Health and Well-being (HW)

This Research Topic aims to address timely challenges related to Active Ageing, Personalized Health and Assisted Living, Biomedical Informatics and Systems, Improved diagnostic and prognostic biomarkers based on BIG DATA approaches and stimulate the research and contribution of new methodological solutions and its application in realistic clinical and non-clinical contexts. It benefits from the high level of complementarity of the collaborating research groups in all of these fields, and their proven track record at the national and European level in bringing contributions within the scope of this thematic line.

SO1 Active Ageing, personalized health, ambient assisted living, smart interventions

1.1 Personalized Health (PHC) solutions: R&D of innovative algorithms for personalised noninvasive remote monitoring applications (pHealth), able to support the management of well-being, diseases and early diagnosis/prognosis of critical events.

1.2 Digital health to support value-based/sustainable medicine: Value-based healthcare can be broadly defined as a health delivery model in which providers, including hospitals and physicians, are paid based on patient outcomes rather than on number of interventions.

1.3 Ambient assisted living and gamification: Development of new smart and personalized training approaches, helping physical rehabilitation of patients with neurological diseases and human-AI collaboration.

1.4 Smart Interventions Minimally invasive interventions have proven its advantages in different fields (e.g. cardiology, urology, pediatrics).

SO2 Biomedical Informatics Systems

2.1 Clinical decision support systems (cdss): For modern CDSS solutions implementation of guidelines and case-based reasoning approaches no longer suffices.

2.2 Dynamical Systems, physiology and functional Biomarker: Development Dynamical Systems Approaches are very important in the fields of Clinical Neuroscience and Cardiology.

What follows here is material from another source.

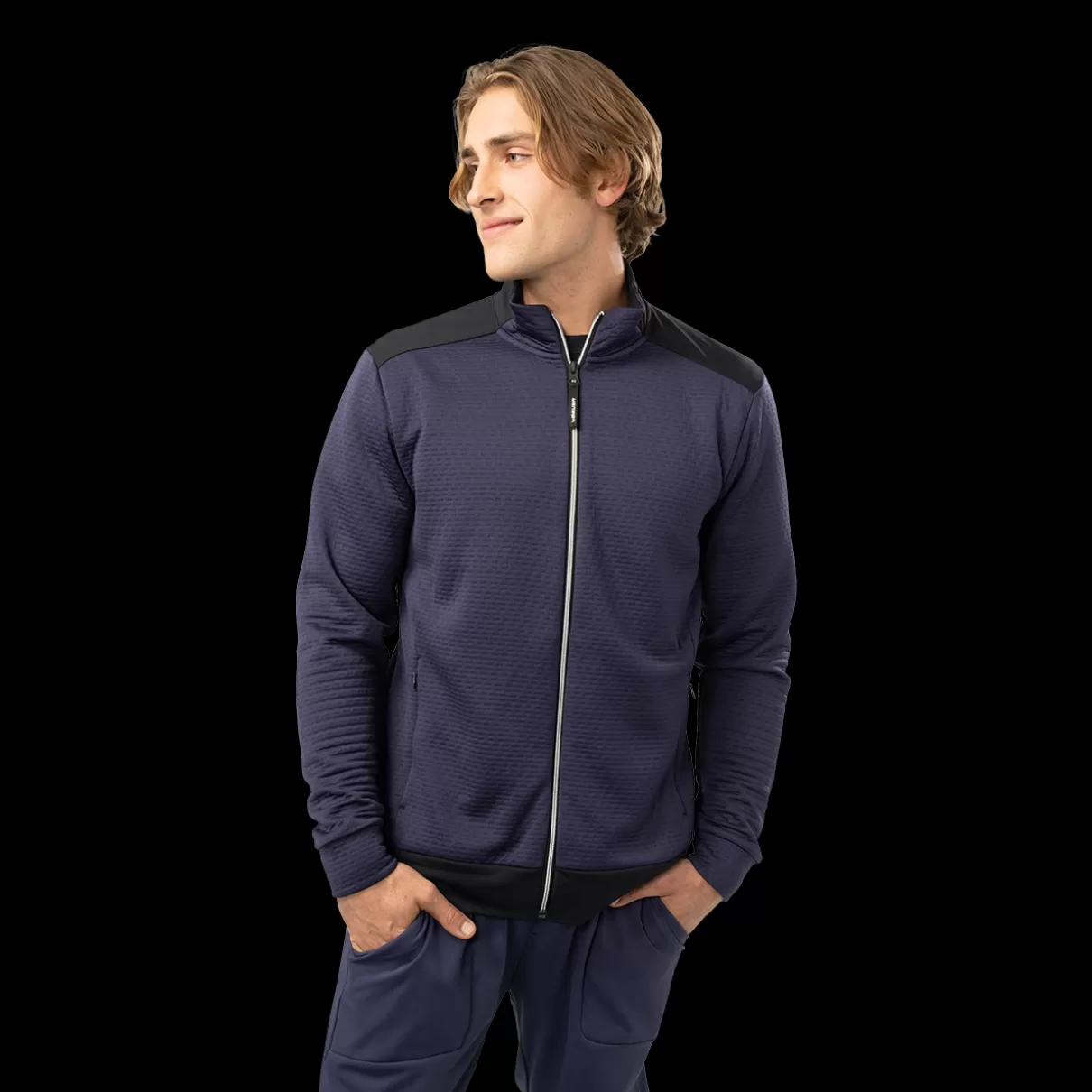 Sale BAUER FLC TEXTURED FULL ZIP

SO3 Brain Computer Interfaces and Medical Robotics

3.1. Brain Computer Interfaces: We aim at boosting reliability and interaction on brain-machine interface systems integrating automatic error-detection approaches.

3.2 Human-robot interaction and Human-Machine Intelligent Cooperation: Learning by demonstration, Medical Robotics and Medical devices for automatic diagnostic of diseases (e.g. Alzheimer’s and Parkinson’s diseases).

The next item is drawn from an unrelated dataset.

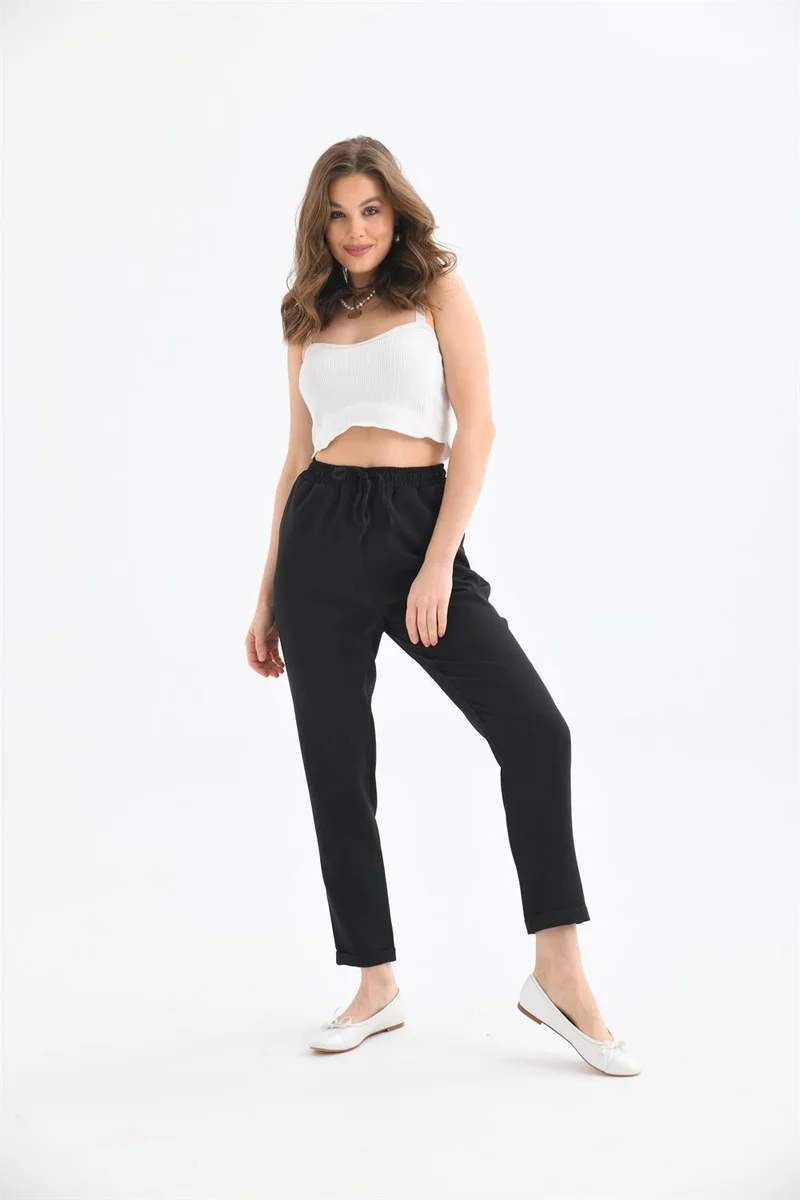 جارمي Women's Trousers Black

SO4 Health ergonomics, occupational safety and security

This will be integrated with partner’s expertise on Ambient Intelligence and e-health applications: physical ergonomics, occupational biomechanics, risk assessment. We will integrate models for multimodal perception, provide assessment tools of the user’s behaviour and human performance, and investigate new human-machine interfaces. This will be applied to the study of the human factors in production systems and physical risk factors.